# [What needs to be done]
Your answer should be the lines below from the one holding "Photo 8- click for photo gallery" through the one holding "Used 2020 Toyota RAV4 XLE AWD/4WD image 22", copied exactly and with nothing else.

# [Task inputs]

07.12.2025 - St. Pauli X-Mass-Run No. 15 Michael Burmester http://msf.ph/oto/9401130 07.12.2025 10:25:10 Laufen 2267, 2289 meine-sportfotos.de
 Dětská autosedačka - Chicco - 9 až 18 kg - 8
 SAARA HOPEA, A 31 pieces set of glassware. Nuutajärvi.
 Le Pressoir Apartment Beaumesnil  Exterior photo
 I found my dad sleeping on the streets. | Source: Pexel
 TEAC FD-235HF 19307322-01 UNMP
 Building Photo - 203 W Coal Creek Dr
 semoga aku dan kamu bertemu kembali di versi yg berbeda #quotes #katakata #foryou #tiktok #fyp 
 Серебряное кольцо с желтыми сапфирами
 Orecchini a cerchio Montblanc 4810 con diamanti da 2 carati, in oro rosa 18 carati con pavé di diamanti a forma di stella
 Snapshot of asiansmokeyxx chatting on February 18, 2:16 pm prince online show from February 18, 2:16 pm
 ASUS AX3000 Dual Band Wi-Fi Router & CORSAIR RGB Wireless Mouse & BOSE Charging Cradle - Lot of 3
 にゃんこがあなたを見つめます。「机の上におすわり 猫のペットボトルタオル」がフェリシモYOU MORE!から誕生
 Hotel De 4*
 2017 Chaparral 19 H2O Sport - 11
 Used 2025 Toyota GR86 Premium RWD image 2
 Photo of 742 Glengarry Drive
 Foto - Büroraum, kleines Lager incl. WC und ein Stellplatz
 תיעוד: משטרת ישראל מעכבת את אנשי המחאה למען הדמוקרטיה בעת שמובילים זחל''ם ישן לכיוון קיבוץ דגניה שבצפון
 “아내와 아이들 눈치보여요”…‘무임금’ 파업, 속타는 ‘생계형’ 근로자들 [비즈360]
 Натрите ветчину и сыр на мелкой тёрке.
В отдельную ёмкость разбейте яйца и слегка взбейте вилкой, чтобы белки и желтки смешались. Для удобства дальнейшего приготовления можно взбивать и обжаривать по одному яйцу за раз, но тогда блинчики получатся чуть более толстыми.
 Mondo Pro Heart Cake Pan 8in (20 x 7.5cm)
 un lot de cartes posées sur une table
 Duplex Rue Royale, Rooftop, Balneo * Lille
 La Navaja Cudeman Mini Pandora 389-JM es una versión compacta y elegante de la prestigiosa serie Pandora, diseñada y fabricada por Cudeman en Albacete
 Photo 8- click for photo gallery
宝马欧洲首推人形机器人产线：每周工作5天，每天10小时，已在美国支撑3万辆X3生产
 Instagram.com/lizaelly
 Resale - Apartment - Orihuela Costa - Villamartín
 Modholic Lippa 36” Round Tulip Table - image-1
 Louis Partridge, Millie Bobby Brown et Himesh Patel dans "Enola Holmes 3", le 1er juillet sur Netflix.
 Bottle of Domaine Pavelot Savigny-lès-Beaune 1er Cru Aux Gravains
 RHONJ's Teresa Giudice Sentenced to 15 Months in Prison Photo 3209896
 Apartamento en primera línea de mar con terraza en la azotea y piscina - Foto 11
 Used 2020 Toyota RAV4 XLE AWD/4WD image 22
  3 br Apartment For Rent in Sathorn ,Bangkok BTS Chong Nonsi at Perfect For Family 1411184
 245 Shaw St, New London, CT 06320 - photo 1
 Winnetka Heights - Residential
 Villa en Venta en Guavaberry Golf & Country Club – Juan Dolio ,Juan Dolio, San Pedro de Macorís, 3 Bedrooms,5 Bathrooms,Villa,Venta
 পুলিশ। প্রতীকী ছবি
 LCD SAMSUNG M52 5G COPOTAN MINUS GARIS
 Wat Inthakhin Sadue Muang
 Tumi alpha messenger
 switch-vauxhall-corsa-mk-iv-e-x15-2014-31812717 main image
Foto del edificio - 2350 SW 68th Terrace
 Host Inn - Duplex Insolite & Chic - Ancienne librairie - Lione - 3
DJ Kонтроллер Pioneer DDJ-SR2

# [Problem solution]
 Photo 8- click for photo gallery
宝马欧洲首推人形机器人产线：每周工作5天，每天10小时，已在美国支撑3万辆X3生产
 Instagram.com/lizaelly
 Resale - Apartment - Orihuela Costa - Villamartín
 Modholic Lippa 36” Round Tulip Table - image-1
 Louis Partridge, Millie Bobby Brown et Himesh Patel dans "Enola Holmes 3", le 1er juillet sur Netflix.
 Bottle of Domaine Pavelot Savigny-lès-Beaune 1er Cru Aux Gravains
 RHONJ's Teresa Giudice Sentenced to 15 Months in Prison Photo 3209896
 Apartamento en primera línea de mar con terraza en la azotea y piscina - Foto 11
 Used 2020 Toyota RAV4 XLE AWD/4WD image 22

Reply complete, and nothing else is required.